A Long Point native and a Woodland High School graduate, Cook is a retired U.S. Army sergeant, having served her country for several years in Germany.
She also is a volunteer for the American Red Cross and recently returned from her latest relief assignment, the storm and fire recovery efforts taking place on the island of Maui.
“You didn’t hear about anything like that on TV, but we heard that firsthand from the people that were there. It was just devastating.”
— Joyce Cook, retired U.S. Army sergeant and Red Cross volunteer
Cook, in her time as a Red Cross volunteer, has been deployed more than 40 times to disaster-stricken areas around the country, including Florida, Georgia, South Carolina and “pretty much everywhere on the East Coast,” plus St. Croix in the Virgin Islands.
However, she has never seen anything like what she experienced on the Hawaiian island.
“The things you hear on TV paint a different picture of what was really happening there,” Cook said. “When I got there, there was so much devastation, it was just unbelievable. … I don’t think people realize how many people actually drowned out there. People got in the water to get away from and be safe from the fire, but because there were such high winds, there were like 15-foot waves. They didn’t know what to do and it was basically they’re damned if they do, damned if they don’t.”
Some people, Cook said, died while trying to escape the fire by either staying in their cars or climbing under them.
“You didn’t hear about anything like that on TV, but we heard that firsthand from the people that were there,” Cook said. “It was just devastating.”
Cook had been working with the Red Cross at the scene of the wildfires in Washington and Oregon since mid-September and had only been home a week when she got the call asking her to go to Maui for three weeks. She left Sept. 4.
She immediately started work for the shelter transition team, helping to find places for the displaced residents to stay, many at the resorts on the island, where they can stay until February.
In the meantime, the residents were forced to endure food and water shortages, power outages and price gouging.
“I’ve seen that kind of devastation before in California, but not as intense as this. Neighborhoods – blocks and blocks are just gone,” she said. “Other places kinda prepared me for Maui, but it was still just shocking. … It used to be such a lush, green place, but not anymore. It’s almost like a desert now.
“I know February is a way off, but I have to wonder what’s going to happen to all those people. I can’t help but worry about them. They still need a lot of help and a lot of prayers.”
Cook’s involvement with the Red Cross came after careers in the military, as a housewife and as a businesswoman.
One of 12 children growing up in Long Point, which is 11 miles southwest of Streator, Cook saw her brothers drafted to serve in Vietnam, so she was familiar with the military life and saw it as a good way to get a college education.
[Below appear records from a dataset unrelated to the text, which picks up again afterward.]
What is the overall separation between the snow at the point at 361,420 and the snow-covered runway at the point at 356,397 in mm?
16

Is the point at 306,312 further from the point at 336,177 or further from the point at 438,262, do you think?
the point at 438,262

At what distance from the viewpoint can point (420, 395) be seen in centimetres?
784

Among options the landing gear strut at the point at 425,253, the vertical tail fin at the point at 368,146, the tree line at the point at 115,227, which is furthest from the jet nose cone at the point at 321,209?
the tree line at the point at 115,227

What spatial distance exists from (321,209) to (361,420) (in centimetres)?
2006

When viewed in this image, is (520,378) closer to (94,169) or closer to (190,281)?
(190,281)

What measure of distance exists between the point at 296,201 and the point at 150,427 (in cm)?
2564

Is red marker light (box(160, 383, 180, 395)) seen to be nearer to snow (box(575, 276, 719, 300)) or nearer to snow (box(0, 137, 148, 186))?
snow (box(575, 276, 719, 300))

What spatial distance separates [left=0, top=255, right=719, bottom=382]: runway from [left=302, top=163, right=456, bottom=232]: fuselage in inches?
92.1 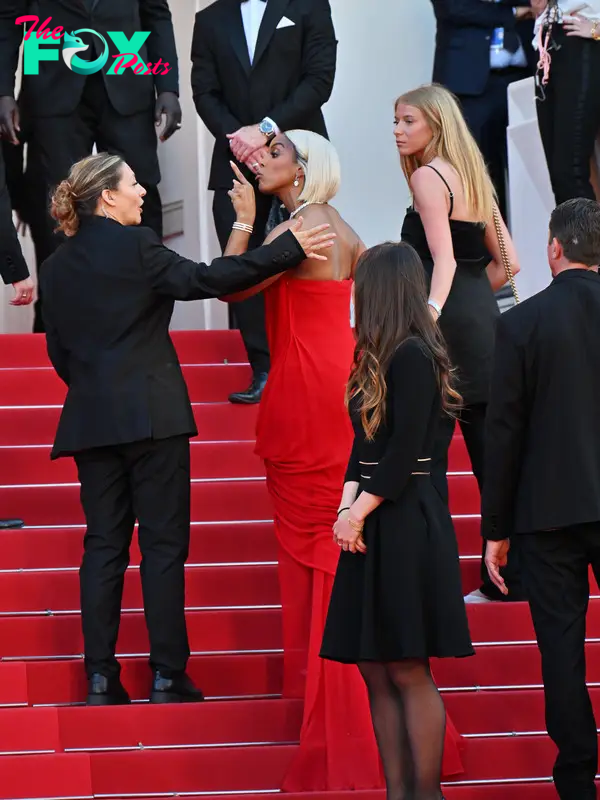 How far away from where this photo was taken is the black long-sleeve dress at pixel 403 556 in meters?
3.50

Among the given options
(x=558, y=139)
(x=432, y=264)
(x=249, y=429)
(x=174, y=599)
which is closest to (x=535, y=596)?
(x=174, y=599)

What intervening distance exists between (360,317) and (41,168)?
130 inches

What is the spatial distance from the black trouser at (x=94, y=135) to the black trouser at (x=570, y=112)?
171 cm

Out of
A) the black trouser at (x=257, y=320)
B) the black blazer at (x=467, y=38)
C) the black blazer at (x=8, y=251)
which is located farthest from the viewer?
the black blazer at (x=467, y=38)

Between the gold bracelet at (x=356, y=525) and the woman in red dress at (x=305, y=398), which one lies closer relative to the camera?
the gold bracelet at (x=356, y=525)

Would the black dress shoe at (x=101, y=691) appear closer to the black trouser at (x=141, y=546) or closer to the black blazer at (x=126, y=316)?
the black trouser at (x=141, y=546)

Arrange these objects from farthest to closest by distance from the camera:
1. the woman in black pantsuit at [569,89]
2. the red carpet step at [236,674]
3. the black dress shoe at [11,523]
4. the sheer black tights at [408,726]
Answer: the woman in black pantsuit at [569,89] < the black dress shoe at [11,523] < the red carpet step at [236,674] < the sheer black tights at [408,726]

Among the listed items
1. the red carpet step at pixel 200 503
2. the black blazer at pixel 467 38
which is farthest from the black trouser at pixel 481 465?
the black blazer at pixel 467 38

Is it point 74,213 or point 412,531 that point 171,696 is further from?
point 74,213

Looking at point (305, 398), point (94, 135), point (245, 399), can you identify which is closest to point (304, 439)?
point (305, 398)

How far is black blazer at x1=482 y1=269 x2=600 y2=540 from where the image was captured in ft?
11.9

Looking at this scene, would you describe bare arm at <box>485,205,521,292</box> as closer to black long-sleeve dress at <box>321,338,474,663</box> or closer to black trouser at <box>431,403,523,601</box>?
black trouser at <box>431,403,523,601</box>

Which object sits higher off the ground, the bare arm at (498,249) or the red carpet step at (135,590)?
the bare arm at (498,249)

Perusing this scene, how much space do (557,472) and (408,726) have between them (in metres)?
0.72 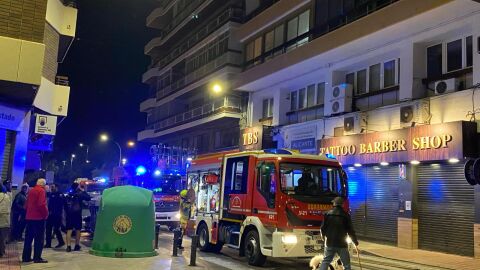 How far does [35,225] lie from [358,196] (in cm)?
1353

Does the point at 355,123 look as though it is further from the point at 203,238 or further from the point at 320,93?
the point at 203,238

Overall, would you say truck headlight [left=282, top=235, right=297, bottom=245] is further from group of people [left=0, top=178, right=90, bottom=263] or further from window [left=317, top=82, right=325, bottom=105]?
window [left=317, top=82, right=325, bottom=105]

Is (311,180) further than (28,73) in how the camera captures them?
No

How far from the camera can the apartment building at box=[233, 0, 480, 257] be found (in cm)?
1519

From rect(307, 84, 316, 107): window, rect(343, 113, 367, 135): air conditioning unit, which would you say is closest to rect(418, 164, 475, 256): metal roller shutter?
rect(343, 113, 367, 135): air conditioning unit

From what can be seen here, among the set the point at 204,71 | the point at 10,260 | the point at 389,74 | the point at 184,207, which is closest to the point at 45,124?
the point at 184,207

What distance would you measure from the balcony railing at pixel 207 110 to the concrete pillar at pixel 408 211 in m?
15.9

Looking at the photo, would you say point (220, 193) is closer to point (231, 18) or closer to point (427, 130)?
point (427, 130)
She enlisted, participated in basic training at Fort McCollum, Alabama, participated in financial training in Indianapolis and, in 1976, began her stint in the Women’s Army Corps in Stuttgart, Germany.
Cook, who described herself as a “pencil pusher” in that base’s financial department, spent two years there before returning home.
She later join the National Guard, and while serving as a company clerk saw a little more of the country, including some areas closer to home at the training camp near Marseilles where three of her brothers were stationed.
Cook also got married and worked in property management jobs for several years, but in 2013 a tornado swept through the Illinois Valley area and badly damaged Cook’s house. She was impressed by the volunteers’ work and “wanted to give back”
“If you want to work with people and help out,” she said, “the Red Cross is a great organization to volunteer for.”